DaerahHukum & KriminalPadangsidimpuanPemerintahan

Kajari Diminta Usut Dugaan Rekayasa Aset Bongkaran SDN 200118 Padangsidimpuan


Padangsidimpuan, Jelajahindo.com –
Aset milik sekolah dasar (SD) Negeri nomor 200118 Kota Padangsidimpuan, Sumatera Utara diduga raib.

Alasannya, banyak jenis barang yang tidak dilaporkan Dinas Pendidikan ke Badan Keuangan Daerah (Bakeuda) ketika pembangunan gedung baru di sekolah tersebut.

Menurut Ketua LSM Waktu Indonesia Bergerak (WIB) Rahmad Nasution, salah satu jenis aset yang tidak masuk dalam laporan Dinas Pendidikan ke Bakeuda Padangsidimpuan adalah daun pintu.

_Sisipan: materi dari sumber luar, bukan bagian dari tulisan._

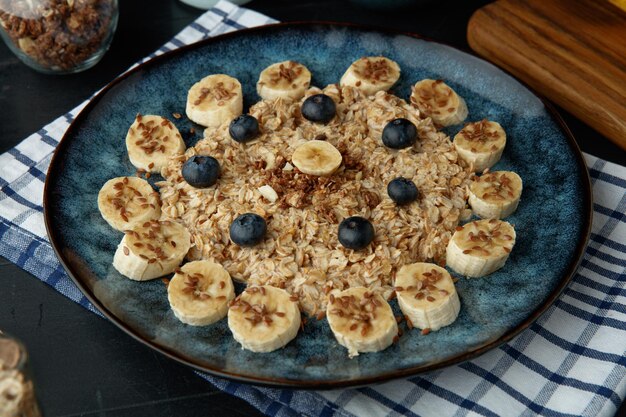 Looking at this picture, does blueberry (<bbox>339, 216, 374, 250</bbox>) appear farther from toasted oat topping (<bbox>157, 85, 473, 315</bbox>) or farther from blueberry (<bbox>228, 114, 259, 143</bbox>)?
blueberry (<bbox>228, 114, 259, 143</bbox>)

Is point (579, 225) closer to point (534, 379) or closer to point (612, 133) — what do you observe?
point (534, 379)

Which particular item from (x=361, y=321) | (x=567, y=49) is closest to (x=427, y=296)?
(x=361, y=321)

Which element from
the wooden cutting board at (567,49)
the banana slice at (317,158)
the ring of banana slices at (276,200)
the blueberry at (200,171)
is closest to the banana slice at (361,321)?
the ring of banana slices at (276,200)

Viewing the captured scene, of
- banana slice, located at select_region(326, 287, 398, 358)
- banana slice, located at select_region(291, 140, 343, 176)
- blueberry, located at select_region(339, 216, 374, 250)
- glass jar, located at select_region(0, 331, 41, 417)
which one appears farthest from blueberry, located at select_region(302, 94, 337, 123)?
glass jar, located at select_region(0, 331, 41, 417)

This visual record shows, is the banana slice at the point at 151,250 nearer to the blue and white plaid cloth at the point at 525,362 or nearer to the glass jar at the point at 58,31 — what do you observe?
the blue and white plaid cloth at the point at 525,362

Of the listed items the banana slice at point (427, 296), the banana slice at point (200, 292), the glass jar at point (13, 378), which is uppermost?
the glass jar at point (13, 378)

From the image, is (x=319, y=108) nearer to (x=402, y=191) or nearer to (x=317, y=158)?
(x=317, y=158) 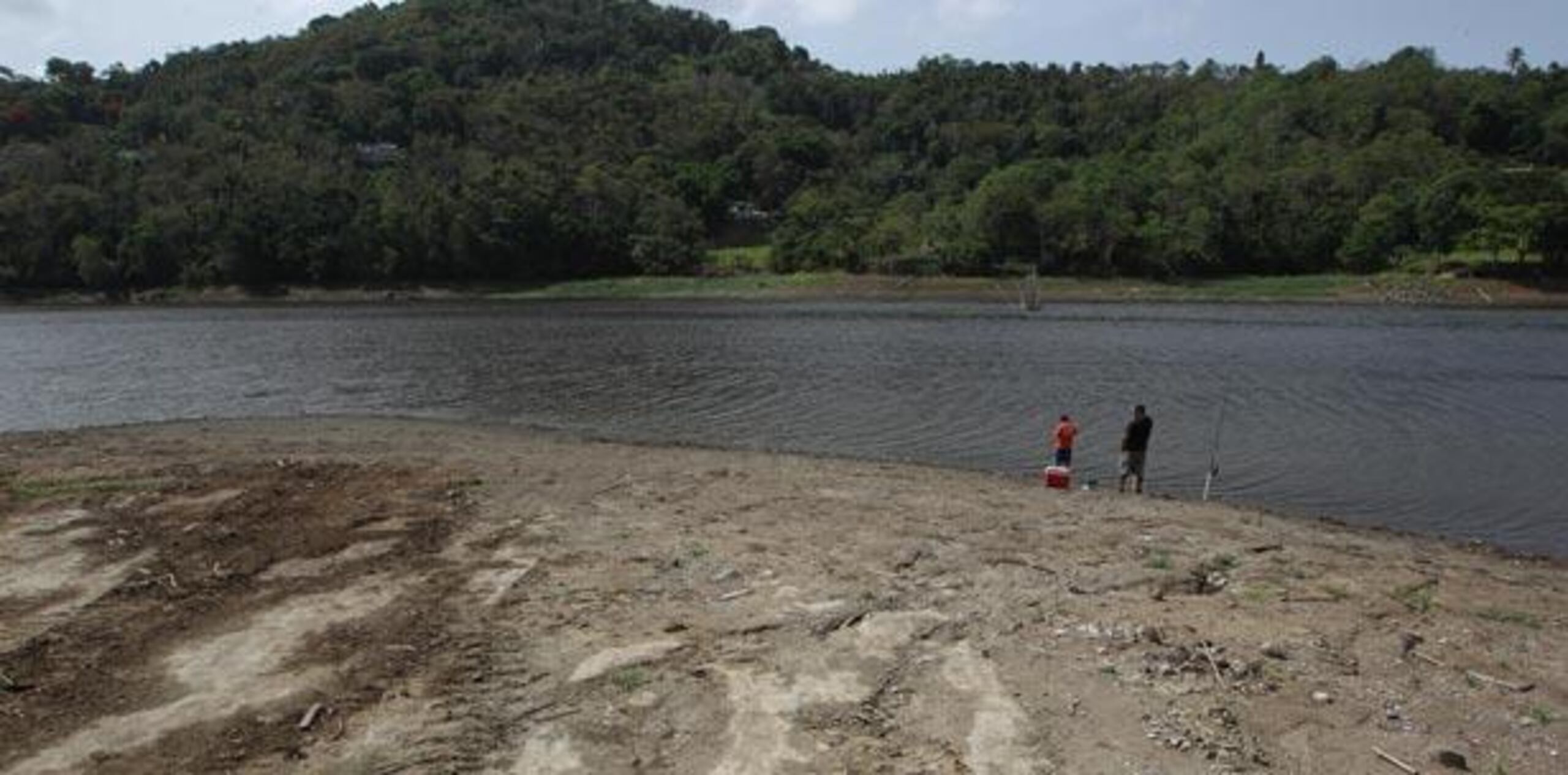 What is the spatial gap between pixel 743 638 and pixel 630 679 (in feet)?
4.93

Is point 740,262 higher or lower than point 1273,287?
higher

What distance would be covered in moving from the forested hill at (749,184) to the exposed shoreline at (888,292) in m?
2.77

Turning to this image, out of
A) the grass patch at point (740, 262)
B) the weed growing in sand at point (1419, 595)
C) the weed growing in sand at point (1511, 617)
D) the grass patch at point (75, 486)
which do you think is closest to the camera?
the weed growing in sand at point (1511, 617)

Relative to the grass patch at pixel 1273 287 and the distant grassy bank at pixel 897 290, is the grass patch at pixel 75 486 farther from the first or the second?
the grass patch at pixel 1273 287

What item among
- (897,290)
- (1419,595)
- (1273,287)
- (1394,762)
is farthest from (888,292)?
(1394,762)

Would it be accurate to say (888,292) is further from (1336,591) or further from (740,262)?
(1336,591)

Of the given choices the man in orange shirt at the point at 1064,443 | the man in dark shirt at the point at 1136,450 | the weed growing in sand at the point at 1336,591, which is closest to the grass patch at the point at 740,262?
the man in orange shirt at the point at 1064,443

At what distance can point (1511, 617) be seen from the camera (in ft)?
44.4

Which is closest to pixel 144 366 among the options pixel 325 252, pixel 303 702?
pixel 303 702

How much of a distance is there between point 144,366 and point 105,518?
3786cm

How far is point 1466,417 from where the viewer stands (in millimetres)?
33188

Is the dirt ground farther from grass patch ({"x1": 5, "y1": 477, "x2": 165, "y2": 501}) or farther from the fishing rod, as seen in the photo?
the fishing rod

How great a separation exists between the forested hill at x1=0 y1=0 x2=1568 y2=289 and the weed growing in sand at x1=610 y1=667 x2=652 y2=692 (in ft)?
322

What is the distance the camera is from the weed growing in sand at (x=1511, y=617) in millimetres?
13312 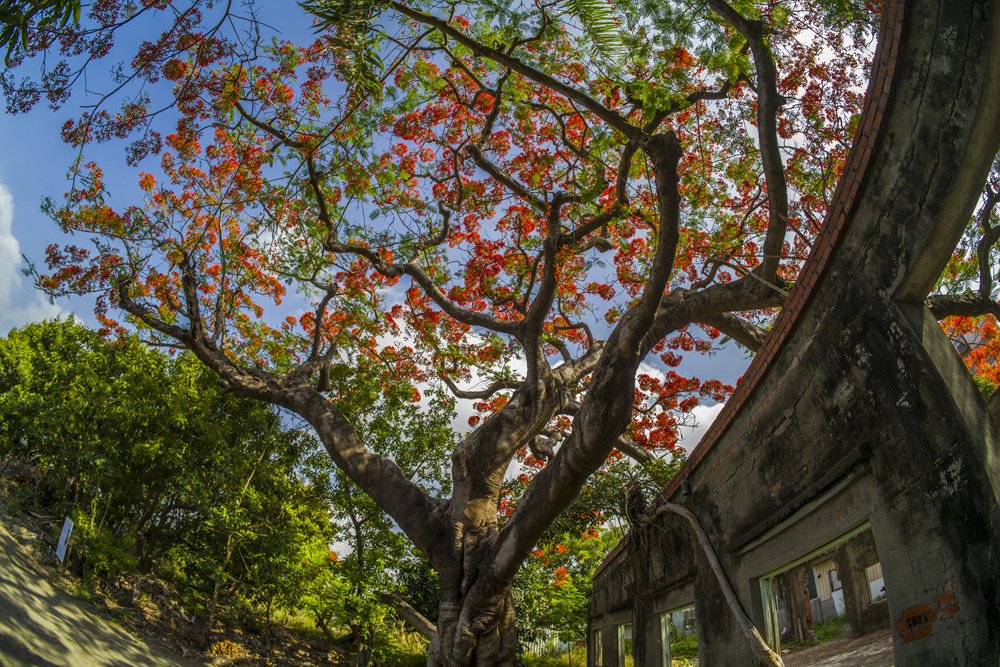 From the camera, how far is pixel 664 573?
586cm

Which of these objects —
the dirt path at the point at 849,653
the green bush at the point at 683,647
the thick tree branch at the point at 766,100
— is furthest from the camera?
the green bush at the point at 683,647

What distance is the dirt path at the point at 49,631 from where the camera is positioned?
5.56 meters

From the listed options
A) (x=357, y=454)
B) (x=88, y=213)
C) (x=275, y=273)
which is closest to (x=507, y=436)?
(x=357, y=454)

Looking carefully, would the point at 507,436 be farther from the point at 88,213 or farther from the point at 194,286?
the point at 88,213

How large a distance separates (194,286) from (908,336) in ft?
24.3

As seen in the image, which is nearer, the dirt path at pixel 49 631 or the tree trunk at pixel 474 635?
the tree trunk at pixel 474 635

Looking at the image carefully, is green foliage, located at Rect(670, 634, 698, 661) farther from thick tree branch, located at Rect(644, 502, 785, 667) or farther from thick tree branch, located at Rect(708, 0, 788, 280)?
thick tree branch, located at Rect(708, 0, 788, 280)

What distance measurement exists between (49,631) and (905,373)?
7582 millimetres

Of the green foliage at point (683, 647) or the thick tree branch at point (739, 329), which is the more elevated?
the thick tree branch at point (739, 329)

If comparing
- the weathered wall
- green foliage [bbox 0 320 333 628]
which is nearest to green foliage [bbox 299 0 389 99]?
the weathered wall

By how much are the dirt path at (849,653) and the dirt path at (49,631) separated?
21.1 feet

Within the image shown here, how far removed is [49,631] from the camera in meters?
6.12

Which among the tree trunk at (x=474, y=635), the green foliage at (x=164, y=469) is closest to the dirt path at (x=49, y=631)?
the green foliage at (x=164, y=469)

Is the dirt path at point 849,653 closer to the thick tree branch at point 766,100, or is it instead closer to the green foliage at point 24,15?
the thick tree branch at point 766,100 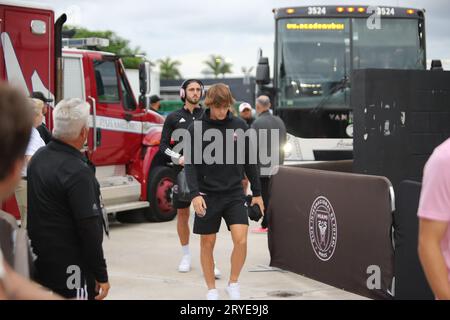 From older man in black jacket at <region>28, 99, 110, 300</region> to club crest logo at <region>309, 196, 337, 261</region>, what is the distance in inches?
139

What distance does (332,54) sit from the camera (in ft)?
45.1

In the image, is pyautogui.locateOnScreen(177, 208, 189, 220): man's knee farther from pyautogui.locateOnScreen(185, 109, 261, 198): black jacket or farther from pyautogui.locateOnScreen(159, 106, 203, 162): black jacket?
pyautogui.locateOnScreen(185, 109, 261, 198): black jacket

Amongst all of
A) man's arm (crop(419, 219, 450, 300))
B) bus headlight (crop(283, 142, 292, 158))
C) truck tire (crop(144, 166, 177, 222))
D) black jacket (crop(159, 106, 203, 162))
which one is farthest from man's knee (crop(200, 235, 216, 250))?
bus headlight (crop(283, 142, 292, 158))

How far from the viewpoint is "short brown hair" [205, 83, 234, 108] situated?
6.69 meters

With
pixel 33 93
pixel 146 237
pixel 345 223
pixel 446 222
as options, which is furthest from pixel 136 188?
pixel 446 222

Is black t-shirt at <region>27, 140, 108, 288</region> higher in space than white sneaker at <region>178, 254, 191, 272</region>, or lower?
higher

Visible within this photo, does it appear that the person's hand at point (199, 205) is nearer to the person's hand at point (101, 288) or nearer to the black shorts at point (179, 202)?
the black shorts at point (179, 202)

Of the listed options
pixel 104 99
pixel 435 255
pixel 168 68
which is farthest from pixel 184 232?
pixel 168 68

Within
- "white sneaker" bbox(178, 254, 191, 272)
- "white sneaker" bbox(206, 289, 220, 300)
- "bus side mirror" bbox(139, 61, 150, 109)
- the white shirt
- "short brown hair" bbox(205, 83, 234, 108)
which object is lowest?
"white sneaker" bbox(178, 254, 191, 272)

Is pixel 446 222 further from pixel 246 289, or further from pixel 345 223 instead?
pixel 246 289

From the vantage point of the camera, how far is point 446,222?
289cm

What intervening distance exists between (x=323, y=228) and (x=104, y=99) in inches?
187

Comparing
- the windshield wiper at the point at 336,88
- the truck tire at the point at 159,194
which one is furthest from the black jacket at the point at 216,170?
the windshield wiper at the point at 336,88

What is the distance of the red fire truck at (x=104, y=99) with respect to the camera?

“Di setiap bangunan ruangan kelas ada daun pintu, tapi dilaporan Dinas Pendidikan ke Bakeuda Padangsidimpuan tidak ada tertulis aset daun pintu,”tuturnya kepada wartawan ketika ditemui Kamis (16/1/25)

Rahmad menduga, ada rekayasa aset milik sekolah dasar (SD) Negeri 200118. “Contoh, di laporan Dinas Pendidikan tidak ada mencantumkan besi, padahal setiap bangunan menggunakan besi,”ujar Rahmad.

Lanjut Rahmat Nasution dari LSM WIB mengungkapkan adanya ketidaksesuaian antara surat permohonan penaksiran barang bongkaran yang diajukan ke Plt. Sekretaris Daerah Kota Padangsidimpuan pada 23 September 2024, dengan berita acara pembongkaran bangunan bernomor 422.1/IX/03/SD 118/2024 tertanggal 19 Juli 2024.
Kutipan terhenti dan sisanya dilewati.